The Week in Review and the Sunday Nature Chat

We left Mark in Texas the week before, worried about his personal welfare while in the company of Tess Tigress, so we could return to Lost Forest in order to do a little catch-up with Peach, Olive, and Cherry. The concern is whether Peach should sign on with Holly Folly’s apparel business. Seems Holly is into fast fashion, which generates a high turnover of knockoff clothing designed to be discarded after a few outings in time for the next trend to hit the racks. Olive is concerned that Peach will be taken advantage of and wind up supporting a business model that is the antithesis of her “upcycled” clothing. But Holly seems blinded by the fame and association with Holly Folly, a popular online fashion influencer.

So Olive drove Cherry to the local landfill and proceeded to find examples of discarded clothing—especially examples of discarded Holly Folly clothing—in order to move Cherry over to her side and put together enough evidence to convince Peach to not sign on the dotted line. For some reason not  explained, Peach was not able to go on this fact-finding trip, so Olive took photos and videos to bring back. But Cherry retained doubts whether they could convince Peach to walk away from the deal.

With that, we end the usual week-long segment of Cherry’s adventure to return to Mark’s assignment, where he is supposedly going on an overnight camping and hunting trip with Tess and husband Jess. And it’s just in time for the big storm projected to blow through!

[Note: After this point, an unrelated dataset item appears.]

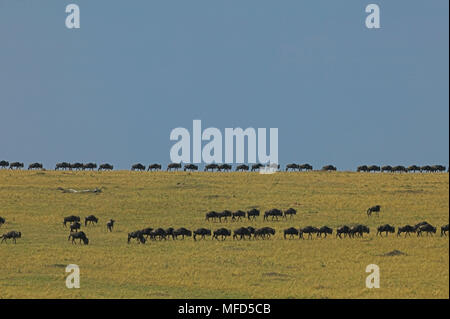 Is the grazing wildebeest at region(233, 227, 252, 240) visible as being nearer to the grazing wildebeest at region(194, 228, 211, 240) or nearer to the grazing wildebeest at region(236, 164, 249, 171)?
the grazing wildebeest at region(194, 228, 211, 240)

It’s a bit late in the year to do a Sunday page on Autumn leaves, don’t you think? Was this a scheduling mistake at the main office? In any event, Rivera gives us another well-conceived title panel. Panel 3, focuses on a single branch, offering an interestingly-designed image suggesting increasingly cold weather. But the orange background is a poor decision, muddying the mood. Autumn days can be intensely bright. The textual content today is fair, which is to say the information shouldn’t be a surprise to most of us. But the overall visual effect looks rushed, and the grand finale panel showing only two small trees is positively anemic and underwhelming, the very antithesis of what Mark is saying. And no, they don’t look beautiful. The trees look like they have been run through special effects filters to create some kind of high contrast, polarized effect, as if they are radioactive. Rivera should have just thrown caution to the wind and drawn a picturesque stand of Fall trees along a shoreline. And omit Mark!